For the past decade HWLF and HWL have been collecting and organizing the donations in Char’s home. Char says it takes eight weekends to complete the gift bags. And, during that time every room in her house, except a few private living spaces, is overflowing with colorful gift items.

This year 90 people from the legal community and John A. Burns School of Medicine (JABSOM) volunteered to sort and stuff 2,300 gift bags. The JABSOM volunteers will deliver gift bags to the Kakaako Next Step homeless shelter where they hold clinics.

Hawaiian Air Cargo also supports the Mother’s Day Project. This year it shipped 22 boxes with 557 gift bags, free of charge, to the neighbor islands so that mothers there could receive a gift.

One of those mothers is Mrs. S who lives in Kona and picks coffee. For the first time in years, all eight of her children – ranging in age from 2 to 13 years old – will be home to celebrate Mother’s Day. Seven of the children spent time in foster care and the last two returned to the family home in April 2012.

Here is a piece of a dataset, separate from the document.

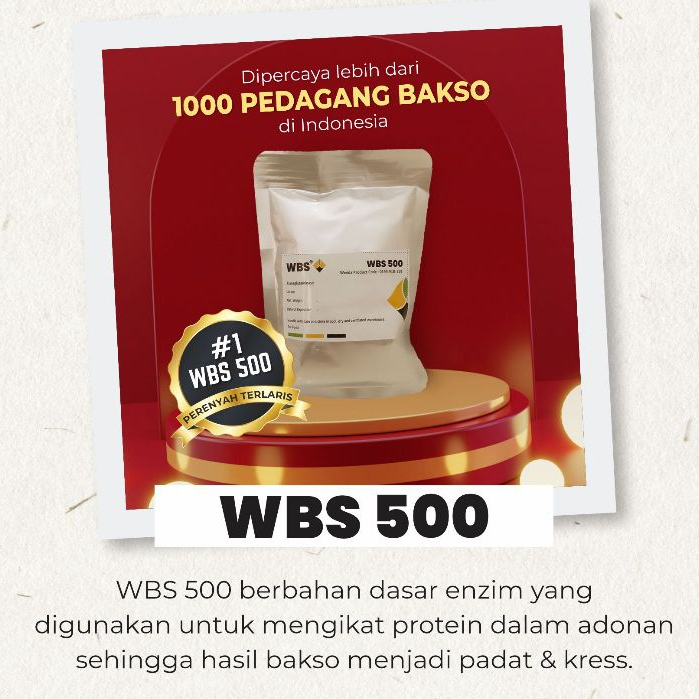 WBS500 (1kg) Perenyah Bakso Halal MUI | Bikin bakso kress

Thanks to the Mother’s Day Project all six girls and both boys say they are very excited and eager to “surprise” their mother this Sunday with a gift.

The all-volunteer Mother’s Day Project was the brainchild of former Department of Human Services Deputy Director Elizabeth Kent.

“We’re giving a gift to a child who gives it away,” Kent said. “There’s so much giving, and this is the best way to share, pass on and leverage resources.”

To date, the Mother’s Day Project has distributed almost 19,000 gift bags to needy children across Hawaii.